Nachdem Müller-Jacobs die Entstehung von Oxyölsäure aus
seiner „Sulfosäure“ nicht oxydirter Oelsäure bezeugt und nachdem wir gesehen
haben, daſs deren Bildung durchaus von einer Sauerstoffabgabe der Schwefelsäure
abhängt (es sei denn, daſs die Luft während jenes Prozesses in Spiel tritt, was
nicht wahrscheinlich ist und nicht erwähnt wird), ist es um so bemerkenswerther, von
ihm zu vernehmen, daſs die Oxyoleïnsäure und Oxystearinsäure, welche er, wie oben
schon erwähnt, mittels Alkohol aus seiner von der Sulfosäure befreiten
Reactionsmasse auszieht, sich während der Darstellung der
Reactionsmasse in Folge Zersetzung eines Theiles der Sulfosäure gebildet
haben (und bis zu 27 Procent des benutzten Rohöles betragen). Da Oxyölsäure
sich durch oxydirenden Einfluſs der Schwefelsäure bildet und Müller-Jacobs ihre Bildung während des Aktes der Schwefelsäure-Einwirkung
annimmt, so ist nicht zu ersehen, warum er sich so gewaltig gegen alle und jede
Schwefeldioxydentwickelung bei der Rothöldarstellung sträubt und dieselbe nie
bemerkt haben will; theoretisch ist dieselbe nach Obigem doch möglich, wenn auch
beim gewöhnlichen Arbeiten die Rolle der Schwefelsäure neben der verseifenden eine
vielmehr hydratirende, d.h.
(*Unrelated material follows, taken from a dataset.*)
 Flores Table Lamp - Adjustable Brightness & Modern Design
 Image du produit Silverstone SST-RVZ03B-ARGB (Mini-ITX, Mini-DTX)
Oxystearinsäure bildende, als eine oxydirende ist.
Müller-Jacobs behauptet im Türkischrothöle die
Anwesenheit von 30 und mehr Procent unveränderten Triglycerids (also unveränderten
Olivenöles) und
schreibt dem letzteren die Hauptrolle beim Beizprocesse zu. Das unveränderte Oel
soll, „indem es in den Farblack eintritt, denselben
umhüllen, so zu sagen feucht erhalten und vor äuſseren Einwirkungen
(Reagentien) schützen,
der Farbe Glanz, Weichheit und Solidität (die
Grundeigenschaften des Türkischroth) ertheilen“, – eine Ansicht, die seinerzeit schon von S. Jenny ausgesprochen worden und nun von Müller-Jacobs auch auf das neue Türkischrothöl
angewendet wird. Das letztere wirkt also nur, indem es das
unveränderte Oel „in vertheiltester Form an die Faser abgibt“; ja
Müller-Jacobs sagt sogar, daſs die übrigen
Bestandtheile des Türkischrothöles (seine sulfoleïnsauren Salze) bei einem
vorzüglichen Färbeverfahren wieder von der Faser weggewaschen werden müssen. Ihm zu
Folge würden also in dem Falle nur 30 Procent von einem Rohöle beim Färbeprocesse
wirksame und endgültige Verwendung finden.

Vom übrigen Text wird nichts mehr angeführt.